┏━━

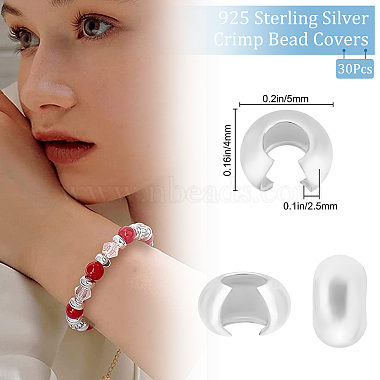 30Pcs 925 Sterling Silver Crimp Bead Cover(STER-BBC0001-31)-2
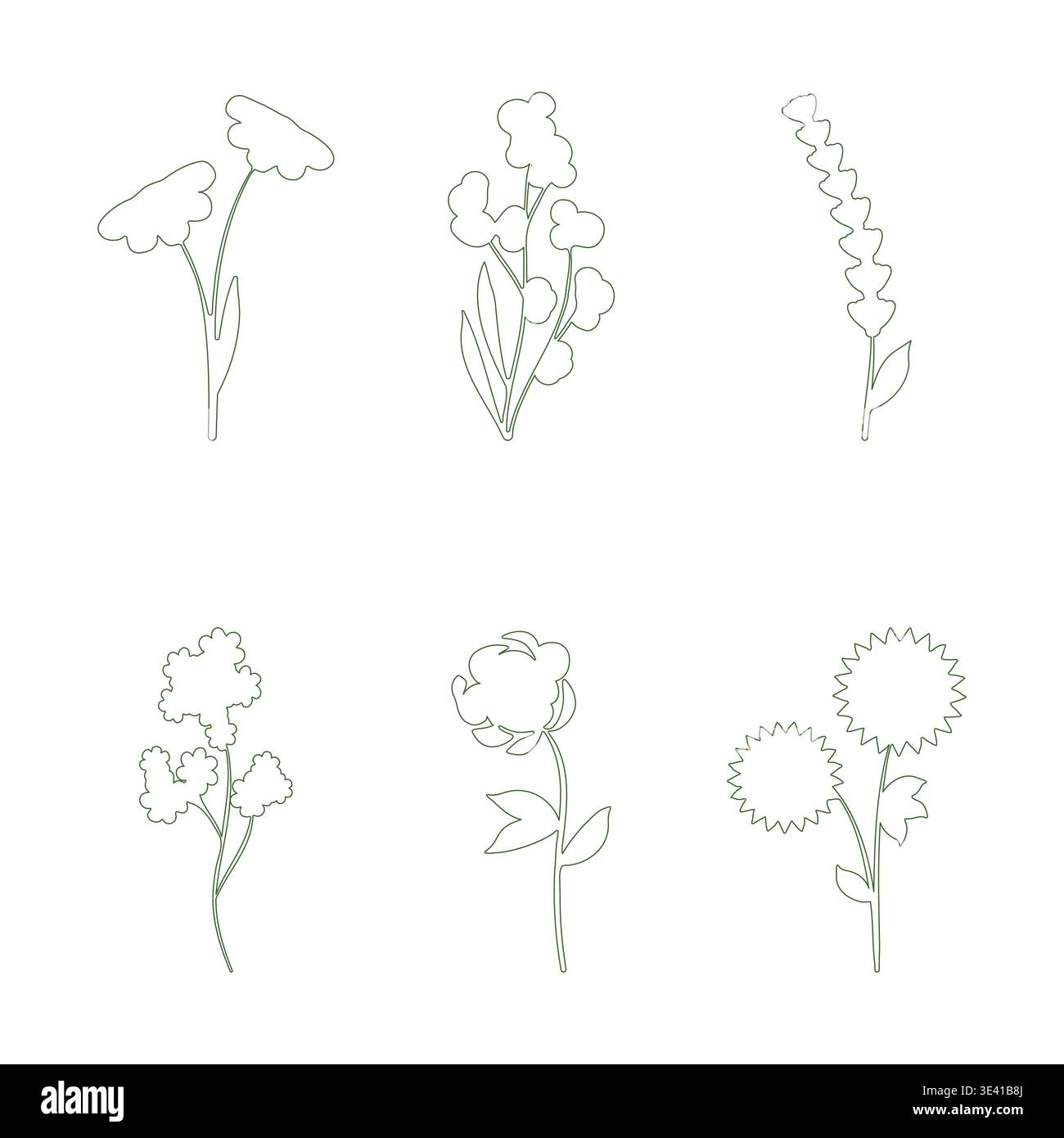 A collection of six unique line art flowers displayed on a clean white background. Stock Vector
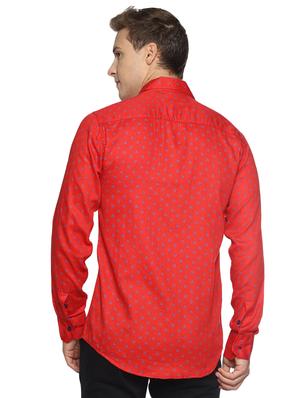 red printed casual shirt - 16538257 - Standard Image - 3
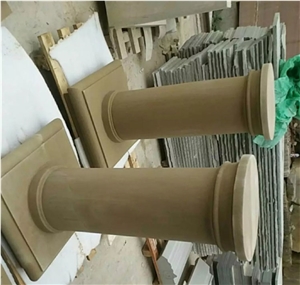 Sandstone Balustrade Pillar for Decor, Sichuan Beige Sandstone Column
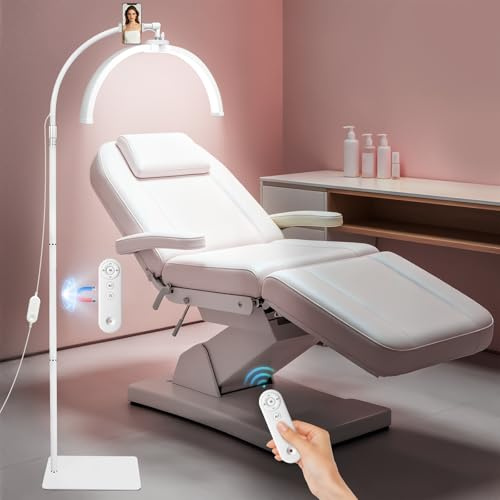 CGBE Halbmond Wimpern Lampe für Wimperntechnik Faltbare LED Kosmetiklampe | 360° Drehbarer Lichtkopf - Höhenverstellbar Dimmbare Stehlampe mit Handyhalter für Wimpernverlängerung Tattoo - Weiß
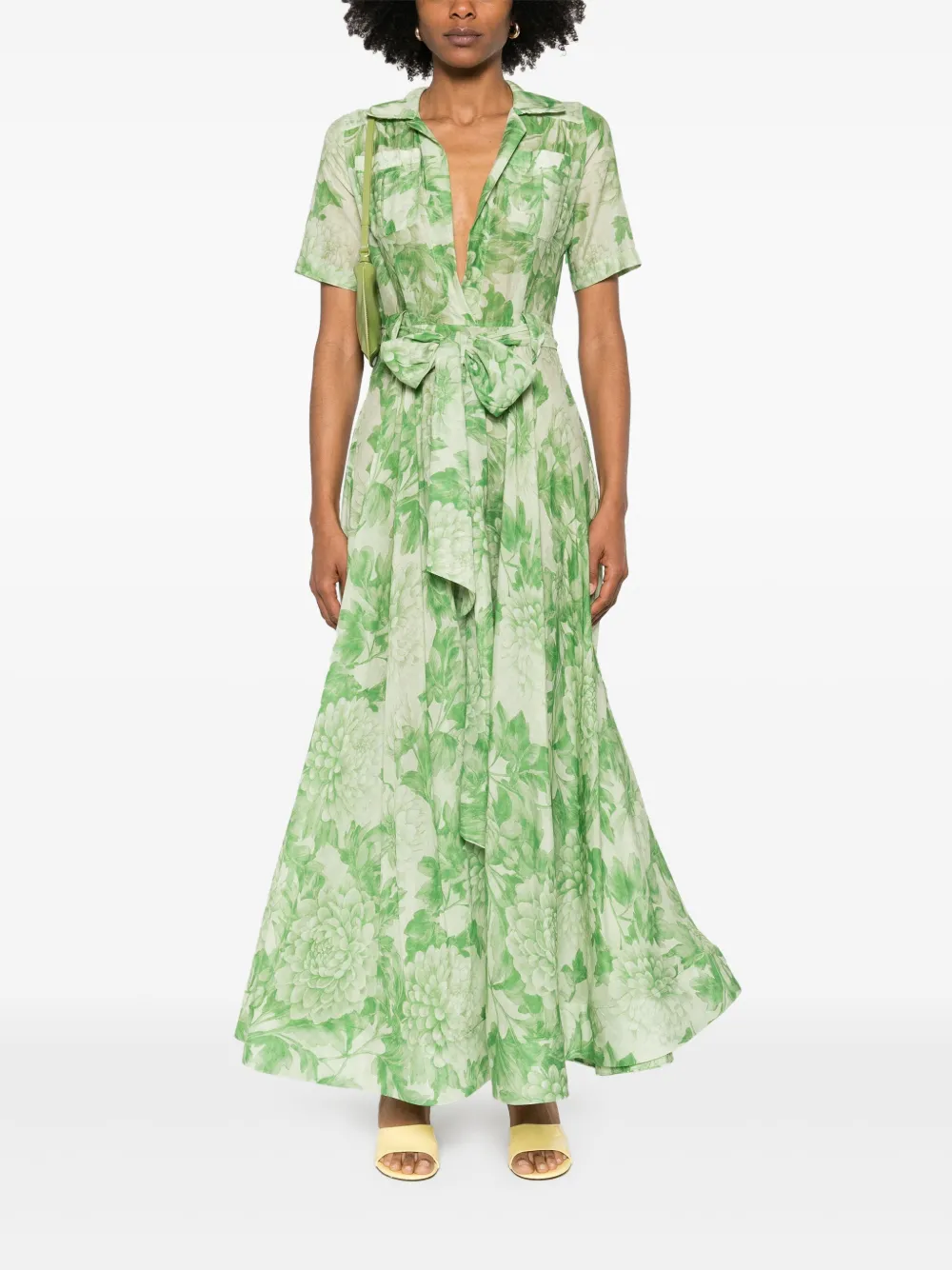 MOOS STUDIO Botanica maxi-jurk - Groen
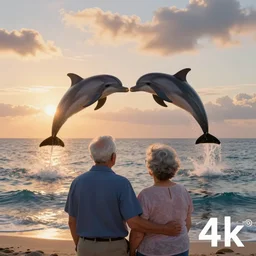 an old man and old woman celebrate their anniversary and life watching the sunrise over the sea, two dolphins jump into a shape of a heart, digital art for a greeting card, 4 k,
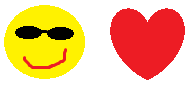 køligt ansigt og Rødt hjerte Emoji
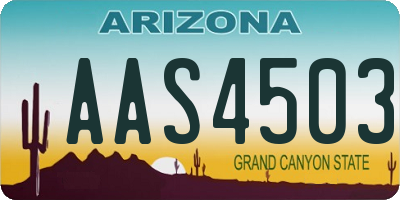 AZ license plate AAS4503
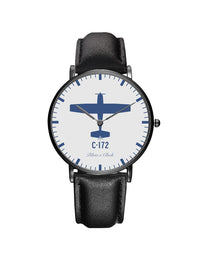 Thumbnail for Cessna 172 Leather Strap Watches Pilot Eyes Store Black & Black Leather Strap 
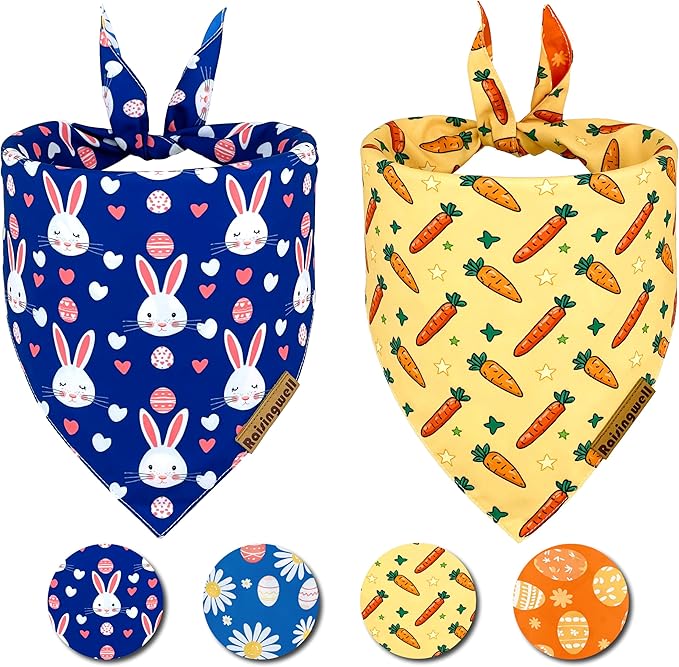 Easter Dog Bandanas 2 Pack, 4 Pattern Reversible Holiday Bandana for Boy and Girl, Premium Durable Fabric, Spring Triangle Scarf for Medium to X Large Breed Dogs (X-Large)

┗━━

▶ TASK REQUIREMENTS: Quote each record exactly as it stands, minus the pictures.

▶ SOLUTION BELOW:
 30Pcs 925 Sterling Silver Crimp Bead Cover(STER-BBC0001-31)-2
 A collection of six unique line art flowers displayed on a clean white background. Stock Vector
 red printed casual shirt - 16538257 - Standard Image - 3
 Sandstone Balustrade Pillar for Decor, Sichuan Beige Sandstone Column
 CGBE Halbmond Wimpern Lampe für Wimperntechnik Faltbare LED Kosmetiklampe | 360° Drehbarer Lichtkopf - Höhenverstellbar Dimmbare Stehlampe mit Handyhalter für Wimpernverlängerung Tattoo - Weiß
 MOOS STUDIO Botanica maxi-jurk - Groen
 an old man and old woman celebrate their anniversary and life watching the sunrise over the sea, two dolphins jump into a shape of a heart, digital art for a greeting card, 4 k,
 køligt ansigt og Rødt hjerte Emoji
 AZ license plate AAS4503
 Thumbnail for Cessna 172 Leather Strap Watches Pilot Eyes Store Black & Black Leather Strap 
 Easter Dog Bandanas 2 Pack, 4 Pattern Reversible Holiday Bandana for Boy and Girl, Premium Durable Fabric, Spring Triangle Scarf for Medium to X Large Breed Dogs (X-Large)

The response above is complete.